Disgraced tycoon Conrad Black has resigned from the board of newspaper owner Hollinger International.
Lord Black is facing a number of legal challenges
According to the firm, Lord Black and his wife Barbara said in a letter they were retiring with "immediate effect".
Lord Black is currently the subject of a criminal investigation in the US, as well as a civil lawsuit.
The cases relate to allegations from Hollinger that he made millions of dollars of unauthorised payments from the firm to himself and others.
Meanwhile, Canadian media reports said a Canadian judge had ruled that Lord Black would have to answer questions from Ernst & Young.
The auditor is carrying out a court-ordered examination of the finances of Hollinger International's parent, Toronto-based Hollinger.
In April, Lord Black's lawyers had argued that he should not be forced to answer any such questions, because the Canadian legal system could not offer guarantees that his testimony would not be used against him in the pending US actions.
A civil case in America - launched by finance watchdog the Securities and Exchange Commission - has accused Lord Black, his former deputy David Radler and their Canadian company Hollinger Inc of fraudulently taking $85m (£46m) from newspaper group Hollinger International.
They are accused of taking the money from US newspaper group Hollinger International between 1994 and 2003 - which they then controlled - for their own personal use.
Lord Black and his co-defendants deny the charges.
In a separate civil lawsuit, Hollinger International claims Lord Black "stole" $380.6m to fund everything from a private jet to a Rolls-Royce and even payments to his butler.
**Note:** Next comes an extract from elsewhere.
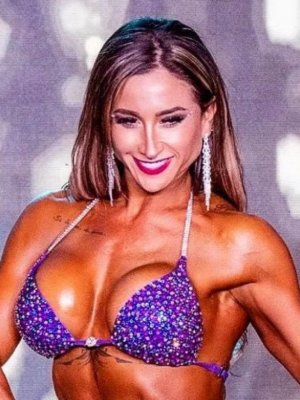 Nicole Moreno se convierte en tricampeona en Bikini Fitness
Hollinger, a holding company, continues to own 18% of Hollinger International, but since its shares bring 10 times as many votes as the rest of the firm's issued equity, Hollinger has effective control.
Hollinger International owns the Chicago Sun-Times newspaper and last year sold the Daily Telegraph in London and Israel's Jerusalem Post.
Lord Black resigned as chief executive officer of Hollinger International in November 2003 as part of a failed bid to take the company private.